QNAP firmware issues : Major file system bug

Questions about SNMP, Power, System, Logs, disk, & RAID.
Locked
User avatar
schumaku
Guru
Posts: 43579
Joined: Mon Jan 21, 2008 4:41 pm
Location: Kloten (Zurich), Switzerland -- Skype: schumaku
Contact:

Re: QNAP firmware issues : Major file system bug

Post by schumaku »

A potential risk amount for data loss or corruption is obvious for some time, isn't it?

As a result of the experience and reports, we have asked our system managers to reduce the storage load on the NAS devices a long time ago - by expandig storage, or by temporarely moving data to an archive - well below ot the level the issues showed up. Continuing operations in this status must be cosindered **, **, and **. Fill in your own words there. Fire your system manager for not taking action in time.

Or how good ol'VMS told it:
-[whateverfacility]-I-SYSMGR, please see your system manager
SuperMario
Getting the hang of things
Posts: 75
Joined: Tue May 24, 2011 5:01 pm

Re: QNAP firmware issues : Major file system bug

Post by SuperMario »

Schumaku,

My point is that we asked QNAP several times to confirm if there was any potential for data loss or corruption from this issue.

We asked straight out if we should continue using the units as we didn't want to risk any kind of data loss, as some of these problematic units are also supposed to perform various backup duties (which they're obviously not doing for some months now).

They are the ones who said "No, your data is safe". That's my point in the above post - it obviously wasn't. The main issue being that we were assured that our data was safe and to continue using the NASes. So much for trusting the vendor to know their own product. If they'd had recommended otherwise, we'd have taken appropriate action then.

Mario.
rprengel
Starting out
Posts: 44
Joined: Mon Nov 17, 2008 10:36 pm

Re: QNAP firmware issues : Major file system bug

Post by rprengel »

Hallo,

I ve similar problems using samba or nfs. Here it helps deleting some directories in the target-directorie but it can t be a soloution to delete parts of my backups.
Qnap germany is very friendly but the ve no idea what could cause the problem.
It seems as if qnap has a very serious problem.

ralf
User avatar
schumaku
Guru
Posts: 43579
Joined: Mon Jan 21, 2008 4:41 pm
Location: Kloten (Zurich), Switzerland -- Skype: schumaku
Contact:

Re: QNAP firmware issues : Major file system bug

Post by schumaku »

@ralf, talking of TS-409/409 Pro as shown in your forum profile?
rprengel
Starting out
Posts: 44
Joined: Mon Nov 17, 2008 10:36 pm

Re: QNAP firmware issues : Major file system bug

Post by rprengel »

schumaku wrote:@ralf, talking of TS-409/409 Pro as shown in your forum profile?
No,
a 859U.
I will change my profile .

Ralf
watterman
Starting out
Posts: 23
Joined: Sat Mar 20, 2010 6:41 am

Re: QNAP firmware issues : Major file system bug

Post by watterman »

Is there any update on this issue? I am experiencing similar problems on TS-219P+ for some time now.
I just read the release notes for firmware v3.5 and was disappointed that it does not seem to have been addressed.

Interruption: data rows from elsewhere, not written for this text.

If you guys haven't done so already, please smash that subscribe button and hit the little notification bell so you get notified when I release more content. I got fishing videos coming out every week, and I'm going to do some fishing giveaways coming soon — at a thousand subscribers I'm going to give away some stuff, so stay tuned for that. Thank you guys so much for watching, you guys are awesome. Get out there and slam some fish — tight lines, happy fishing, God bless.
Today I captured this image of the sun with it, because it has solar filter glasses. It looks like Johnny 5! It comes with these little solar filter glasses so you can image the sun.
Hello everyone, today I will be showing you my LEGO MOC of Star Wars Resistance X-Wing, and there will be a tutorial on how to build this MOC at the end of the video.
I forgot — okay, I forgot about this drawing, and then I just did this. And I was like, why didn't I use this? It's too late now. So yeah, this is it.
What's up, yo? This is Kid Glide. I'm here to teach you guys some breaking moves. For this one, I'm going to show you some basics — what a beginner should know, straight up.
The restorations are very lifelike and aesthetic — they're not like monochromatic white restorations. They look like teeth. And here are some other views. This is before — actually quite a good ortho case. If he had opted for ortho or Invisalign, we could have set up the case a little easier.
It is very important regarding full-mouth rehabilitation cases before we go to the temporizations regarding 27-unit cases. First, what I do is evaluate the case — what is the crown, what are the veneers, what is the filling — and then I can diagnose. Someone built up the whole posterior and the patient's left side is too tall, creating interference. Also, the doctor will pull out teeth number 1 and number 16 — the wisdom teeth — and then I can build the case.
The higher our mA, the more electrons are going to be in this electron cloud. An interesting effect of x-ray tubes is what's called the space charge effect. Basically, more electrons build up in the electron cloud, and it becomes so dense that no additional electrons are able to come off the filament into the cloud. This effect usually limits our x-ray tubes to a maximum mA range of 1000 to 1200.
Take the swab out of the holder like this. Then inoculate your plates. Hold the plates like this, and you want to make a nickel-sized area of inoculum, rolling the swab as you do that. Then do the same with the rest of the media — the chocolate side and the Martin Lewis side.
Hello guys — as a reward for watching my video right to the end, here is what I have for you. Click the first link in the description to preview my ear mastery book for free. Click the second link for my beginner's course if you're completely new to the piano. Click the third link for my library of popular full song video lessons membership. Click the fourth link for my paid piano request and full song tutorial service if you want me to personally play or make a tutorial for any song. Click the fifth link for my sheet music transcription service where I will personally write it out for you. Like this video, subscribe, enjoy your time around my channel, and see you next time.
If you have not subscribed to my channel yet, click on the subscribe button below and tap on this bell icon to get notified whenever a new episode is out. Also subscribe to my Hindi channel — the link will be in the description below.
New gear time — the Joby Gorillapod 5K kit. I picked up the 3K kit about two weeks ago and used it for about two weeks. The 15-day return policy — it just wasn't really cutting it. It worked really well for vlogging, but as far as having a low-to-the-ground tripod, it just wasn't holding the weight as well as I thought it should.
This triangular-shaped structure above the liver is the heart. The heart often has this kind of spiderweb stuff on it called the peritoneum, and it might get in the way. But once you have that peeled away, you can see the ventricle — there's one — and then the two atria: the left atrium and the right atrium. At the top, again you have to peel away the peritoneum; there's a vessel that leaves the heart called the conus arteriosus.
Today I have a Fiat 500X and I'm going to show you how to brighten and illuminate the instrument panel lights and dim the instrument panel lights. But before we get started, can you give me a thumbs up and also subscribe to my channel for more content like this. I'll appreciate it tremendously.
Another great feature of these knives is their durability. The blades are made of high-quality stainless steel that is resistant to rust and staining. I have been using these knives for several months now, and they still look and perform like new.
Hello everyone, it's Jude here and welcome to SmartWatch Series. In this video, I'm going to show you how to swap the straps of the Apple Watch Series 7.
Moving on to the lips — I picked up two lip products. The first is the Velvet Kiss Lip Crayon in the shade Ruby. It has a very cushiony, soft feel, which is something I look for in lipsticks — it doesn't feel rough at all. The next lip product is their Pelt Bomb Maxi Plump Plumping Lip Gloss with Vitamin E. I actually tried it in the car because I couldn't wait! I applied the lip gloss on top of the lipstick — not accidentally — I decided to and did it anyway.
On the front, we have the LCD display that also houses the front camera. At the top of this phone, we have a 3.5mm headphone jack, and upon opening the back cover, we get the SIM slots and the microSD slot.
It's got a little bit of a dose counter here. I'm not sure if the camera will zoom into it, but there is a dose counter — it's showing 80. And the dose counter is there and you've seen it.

My HDD's are SAMSUNG HD154UI 1AG0 (1.5TB, 7200rpm)

My real concern is if this started to be a problem on my TS-439P at work. That would really bring business to a grinding halt quicker than the Gillard gov!
So far, no signs on trouble on the TS-439.

cheers,
a.w.
AlexKe
Experience counts
Posts: 1820
Joined: Wed Jan 06, 2010 2:49 pm

Re: QNAP firmware issues : Major file system bug

Post by AlexKe »

Hi watterman

The issue is still under investigation. However, the slow response issue on reading large amount files be considered only occur on larger disk volume, but not 1.5TB single /RAID1 disk volume. I will update the progress later.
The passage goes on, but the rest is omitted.